TDP Genel Başkanı Atlı KIB-TEK’in tüm saldırılara karşı yaşatılması gerektiğini belirtti
GÜNDEMToplumcu Demokrasi Partisi (TDP) Genel Başkanı Mine Atlı, Kıbrıs Türk Elektrik Kurumu’nun (KIB-TEK) tüm saldırılara karşı yaşatılması gerektiğini belirtti.
Yazılı açıklama yapan Atlı, KIBTEK’in uzun bir zamandır ‘üç-beş şirketin çıkarı için yozlaşmış bürokrasi tarafından yönetilmekte olduğunu’ iddia ederek, buna ses çıkarması gerekenlerin ise ‘eylemsizliğini ve sessizliğini koruduğunu’ ileri sürdü.

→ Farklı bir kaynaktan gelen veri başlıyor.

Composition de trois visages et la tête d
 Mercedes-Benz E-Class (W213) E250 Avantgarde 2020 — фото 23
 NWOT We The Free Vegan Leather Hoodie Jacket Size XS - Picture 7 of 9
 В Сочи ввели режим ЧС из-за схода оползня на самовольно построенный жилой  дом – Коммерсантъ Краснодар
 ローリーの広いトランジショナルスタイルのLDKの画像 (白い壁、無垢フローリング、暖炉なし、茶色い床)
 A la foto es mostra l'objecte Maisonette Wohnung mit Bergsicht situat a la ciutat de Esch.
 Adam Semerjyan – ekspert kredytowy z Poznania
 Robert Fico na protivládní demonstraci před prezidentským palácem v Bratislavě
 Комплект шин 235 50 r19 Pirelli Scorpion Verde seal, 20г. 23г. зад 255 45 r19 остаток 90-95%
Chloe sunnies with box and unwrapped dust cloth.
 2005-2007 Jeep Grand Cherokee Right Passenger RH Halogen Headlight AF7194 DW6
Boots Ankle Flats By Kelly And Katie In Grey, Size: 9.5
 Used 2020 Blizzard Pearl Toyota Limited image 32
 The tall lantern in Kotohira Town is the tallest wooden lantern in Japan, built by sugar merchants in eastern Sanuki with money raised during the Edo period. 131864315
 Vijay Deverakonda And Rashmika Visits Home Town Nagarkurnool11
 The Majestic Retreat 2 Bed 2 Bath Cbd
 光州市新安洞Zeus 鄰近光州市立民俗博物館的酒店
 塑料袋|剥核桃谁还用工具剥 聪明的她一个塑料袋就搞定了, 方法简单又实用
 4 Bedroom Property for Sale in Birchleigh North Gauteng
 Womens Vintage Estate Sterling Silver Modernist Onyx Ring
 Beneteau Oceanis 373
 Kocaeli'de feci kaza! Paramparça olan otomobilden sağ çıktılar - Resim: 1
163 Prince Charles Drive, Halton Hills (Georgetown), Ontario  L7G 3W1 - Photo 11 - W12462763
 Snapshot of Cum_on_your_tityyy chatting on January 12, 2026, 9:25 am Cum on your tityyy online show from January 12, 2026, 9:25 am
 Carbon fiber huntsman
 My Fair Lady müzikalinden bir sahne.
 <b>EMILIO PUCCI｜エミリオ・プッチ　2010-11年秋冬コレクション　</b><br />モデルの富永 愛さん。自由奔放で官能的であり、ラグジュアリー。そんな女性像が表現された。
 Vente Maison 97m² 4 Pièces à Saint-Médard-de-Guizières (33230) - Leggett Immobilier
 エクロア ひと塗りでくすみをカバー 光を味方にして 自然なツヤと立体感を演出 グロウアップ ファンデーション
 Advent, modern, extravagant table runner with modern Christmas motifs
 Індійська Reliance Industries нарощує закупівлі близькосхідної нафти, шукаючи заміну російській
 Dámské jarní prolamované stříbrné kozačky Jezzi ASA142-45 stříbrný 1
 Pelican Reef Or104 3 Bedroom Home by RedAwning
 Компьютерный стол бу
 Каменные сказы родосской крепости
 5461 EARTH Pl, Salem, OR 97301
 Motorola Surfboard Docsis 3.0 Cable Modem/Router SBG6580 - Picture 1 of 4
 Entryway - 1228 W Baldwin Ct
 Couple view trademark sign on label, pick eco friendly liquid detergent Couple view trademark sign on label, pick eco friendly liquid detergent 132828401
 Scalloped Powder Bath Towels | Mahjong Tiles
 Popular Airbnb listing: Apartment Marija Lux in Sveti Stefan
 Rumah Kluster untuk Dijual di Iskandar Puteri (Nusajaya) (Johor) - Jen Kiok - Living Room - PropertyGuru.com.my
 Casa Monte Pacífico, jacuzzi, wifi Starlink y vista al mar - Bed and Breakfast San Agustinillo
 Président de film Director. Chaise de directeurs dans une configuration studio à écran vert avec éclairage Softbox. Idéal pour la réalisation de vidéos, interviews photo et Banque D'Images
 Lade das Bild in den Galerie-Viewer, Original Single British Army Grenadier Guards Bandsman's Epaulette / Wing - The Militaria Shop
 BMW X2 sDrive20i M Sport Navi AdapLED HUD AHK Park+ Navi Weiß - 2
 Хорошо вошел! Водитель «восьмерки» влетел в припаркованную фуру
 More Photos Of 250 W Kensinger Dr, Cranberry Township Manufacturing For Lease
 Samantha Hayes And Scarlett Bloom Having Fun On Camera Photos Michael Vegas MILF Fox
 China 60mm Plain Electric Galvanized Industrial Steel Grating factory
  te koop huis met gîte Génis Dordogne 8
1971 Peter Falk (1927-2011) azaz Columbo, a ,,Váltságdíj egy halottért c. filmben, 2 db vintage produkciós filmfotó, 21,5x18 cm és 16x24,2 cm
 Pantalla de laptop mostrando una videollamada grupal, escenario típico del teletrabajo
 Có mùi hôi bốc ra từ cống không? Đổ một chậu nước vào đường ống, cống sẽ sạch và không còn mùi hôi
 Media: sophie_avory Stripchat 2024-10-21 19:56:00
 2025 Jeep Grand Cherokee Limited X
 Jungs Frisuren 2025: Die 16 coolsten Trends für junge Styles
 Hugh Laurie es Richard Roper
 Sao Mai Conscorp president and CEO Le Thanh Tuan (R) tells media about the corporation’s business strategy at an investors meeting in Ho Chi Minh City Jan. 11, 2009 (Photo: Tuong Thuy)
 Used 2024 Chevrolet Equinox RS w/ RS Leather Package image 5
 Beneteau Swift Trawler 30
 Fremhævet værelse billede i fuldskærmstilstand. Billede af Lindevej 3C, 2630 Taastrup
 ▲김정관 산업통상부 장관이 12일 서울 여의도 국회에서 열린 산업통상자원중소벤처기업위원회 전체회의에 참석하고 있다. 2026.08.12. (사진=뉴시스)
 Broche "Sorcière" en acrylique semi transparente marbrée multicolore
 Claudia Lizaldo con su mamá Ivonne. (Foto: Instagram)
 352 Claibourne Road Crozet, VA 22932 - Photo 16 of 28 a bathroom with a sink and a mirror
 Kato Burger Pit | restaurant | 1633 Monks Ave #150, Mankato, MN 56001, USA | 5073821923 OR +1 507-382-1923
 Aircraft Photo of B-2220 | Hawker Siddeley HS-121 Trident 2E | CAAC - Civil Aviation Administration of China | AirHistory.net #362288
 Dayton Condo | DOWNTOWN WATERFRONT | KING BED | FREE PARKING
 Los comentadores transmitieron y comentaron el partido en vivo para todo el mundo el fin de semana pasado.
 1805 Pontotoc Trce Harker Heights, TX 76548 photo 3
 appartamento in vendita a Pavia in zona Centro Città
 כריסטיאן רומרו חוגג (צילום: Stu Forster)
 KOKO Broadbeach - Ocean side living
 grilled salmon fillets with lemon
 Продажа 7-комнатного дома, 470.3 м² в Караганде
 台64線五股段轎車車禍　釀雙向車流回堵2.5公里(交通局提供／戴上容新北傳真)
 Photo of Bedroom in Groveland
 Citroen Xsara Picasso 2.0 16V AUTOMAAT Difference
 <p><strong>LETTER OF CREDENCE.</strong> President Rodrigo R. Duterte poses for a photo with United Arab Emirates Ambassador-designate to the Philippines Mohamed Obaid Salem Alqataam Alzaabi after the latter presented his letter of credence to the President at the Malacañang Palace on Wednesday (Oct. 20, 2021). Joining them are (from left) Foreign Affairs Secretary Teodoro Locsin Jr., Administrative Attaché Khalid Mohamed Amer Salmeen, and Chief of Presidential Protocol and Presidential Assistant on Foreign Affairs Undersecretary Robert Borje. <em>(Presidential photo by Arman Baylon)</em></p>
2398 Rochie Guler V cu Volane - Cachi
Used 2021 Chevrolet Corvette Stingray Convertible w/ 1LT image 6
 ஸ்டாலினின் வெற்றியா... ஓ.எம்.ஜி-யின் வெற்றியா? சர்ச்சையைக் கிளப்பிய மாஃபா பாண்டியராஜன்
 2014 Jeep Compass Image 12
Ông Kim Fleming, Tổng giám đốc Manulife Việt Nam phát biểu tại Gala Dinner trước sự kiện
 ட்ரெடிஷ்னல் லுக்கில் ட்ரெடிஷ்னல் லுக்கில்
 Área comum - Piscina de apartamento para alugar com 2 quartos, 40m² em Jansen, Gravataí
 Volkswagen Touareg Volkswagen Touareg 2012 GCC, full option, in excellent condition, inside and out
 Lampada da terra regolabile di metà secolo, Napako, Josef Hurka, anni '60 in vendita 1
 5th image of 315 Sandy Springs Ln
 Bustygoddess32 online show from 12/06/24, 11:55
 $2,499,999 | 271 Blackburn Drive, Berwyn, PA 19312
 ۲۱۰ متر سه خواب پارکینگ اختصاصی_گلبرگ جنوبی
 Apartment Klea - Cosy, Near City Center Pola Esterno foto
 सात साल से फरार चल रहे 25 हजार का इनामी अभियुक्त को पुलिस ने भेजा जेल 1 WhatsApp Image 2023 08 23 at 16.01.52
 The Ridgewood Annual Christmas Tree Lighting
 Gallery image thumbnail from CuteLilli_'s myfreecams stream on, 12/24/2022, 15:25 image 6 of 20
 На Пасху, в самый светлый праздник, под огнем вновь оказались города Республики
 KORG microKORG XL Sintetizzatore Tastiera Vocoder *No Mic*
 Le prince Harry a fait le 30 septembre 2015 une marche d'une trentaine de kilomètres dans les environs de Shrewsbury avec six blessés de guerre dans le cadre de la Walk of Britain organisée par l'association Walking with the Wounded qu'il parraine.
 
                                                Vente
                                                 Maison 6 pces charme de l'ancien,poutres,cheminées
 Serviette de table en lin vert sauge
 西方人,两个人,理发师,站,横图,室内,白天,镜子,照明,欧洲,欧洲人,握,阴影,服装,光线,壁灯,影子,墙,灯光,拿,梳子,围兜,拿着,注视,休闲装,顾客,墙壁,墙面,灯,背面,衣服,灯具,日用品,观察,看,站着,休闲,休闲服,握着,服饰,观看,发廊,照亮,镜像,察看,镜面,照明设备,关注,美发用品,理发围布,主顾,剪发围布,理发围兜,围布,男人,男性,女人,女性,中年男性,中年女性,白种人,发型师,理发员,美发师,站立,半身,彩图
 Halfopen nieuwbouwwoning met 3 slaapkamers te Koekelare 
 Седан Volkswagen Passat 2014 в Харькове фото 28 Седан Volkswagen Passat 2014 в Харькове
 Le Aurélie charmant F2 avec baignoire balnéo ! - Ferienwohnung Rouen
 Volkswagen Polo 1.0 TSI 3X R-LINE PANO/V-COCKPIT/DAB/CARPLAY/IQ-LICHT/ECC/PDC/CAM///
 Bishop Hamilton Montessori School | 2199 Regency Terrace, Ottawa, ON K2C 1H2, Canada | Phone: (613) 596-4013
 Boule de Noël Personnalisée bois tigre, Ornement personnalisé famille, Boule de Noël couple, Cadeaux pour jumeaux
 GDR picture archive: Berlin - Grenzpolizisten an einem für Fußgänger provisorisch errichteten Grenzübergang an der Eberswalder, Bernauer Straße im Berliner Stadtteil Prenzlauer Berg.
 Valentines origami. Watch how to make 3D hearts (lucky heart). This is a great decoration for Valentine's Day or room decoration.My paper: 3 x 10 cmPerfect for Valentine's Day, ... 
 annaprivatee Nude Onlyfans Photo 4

Atlı, “Kurumların özelleştirilmesi halkın egemenliğine engel teşkil eder. Bu nedenle KIBTEK tüm saldırılara karşı yaşatılmalı’’ ifadelerini kullandı.
Ülkede enerji talebinin her yıl için artış gösterdiği gerçeğine rağmen kuruma yatırımın bilinçli olarak engellendiğini savunan Atlı, bunun tek amacının 2024’de bitecek AKSA sözleşmesinin üretim payının daha da çok artırılarak yenilenmesi olduğunu iddia etti.
Atlı, TDP’nin hedefinin; KIBTEK’in şaibelerden uzak, kirli ittifaklardan arınmış bir şekilde özerk bir yönetim anlayışı ile ülke için ödenebilir ve temiz enerji üretimi yapması olduğunu kaydetti.
TDP enerji komitesinin yaşananları sürekli izlediğini belirten Atlı, ‘toplumun kanını emen bu kirli ilişkilerin üzerine TDP iktidarında korkusuzca gidileceğini ve kamu görevini kötüye kullananların, şirketler ile işbirliği içerisinde olanların yargılanması için siyasi irade göstereceklerini’ açıkladı.
-Öneriler
Açıklamasında TDP’nin önerilerine yer veren Atlı, şunları kaydetti:
“Elektrikte özelleştirme değil, kamulaştırma olmalıdır. Acilen, üretim açığını ortadan kaldıracak gerekli kaynağın (banka borcu dahi olsa) oluşturulup yatırımın yapılması. Bu konu ise şeffaf bir şekilde halk ile paylaşım yapılması gerekir. Yatırım yapılmazsa, 2024 Mart ayında Aksa sözleşmesi bittiğinde 140 MW’lık yeni bir açık daha oluşacaktır. Yatırım yapılmaması durumunda özel sektöre üretimin devri kaçınılmaz olacaktır ve AKSA istediği koşullarda yeni sözleşme hazırlayacaktır.
Tüketim değil, verimlilik teşvik edilmeli. Ödenebilir ve temiz enerji üretilmeli. Bağımsız kişilerden oluşacak bir bilirkişi ekibi (3-5 kişi, tercihen yurt dışı) tarafından kurumun analiz edilmesi, kısa, orta ve uzun vadede yapılması gerekenlerle ilgili bir envanter ve yol haritası belirlenmesi. Modern çalışma hayatında olması gereken idari ve personel yapısının önerilmesi.”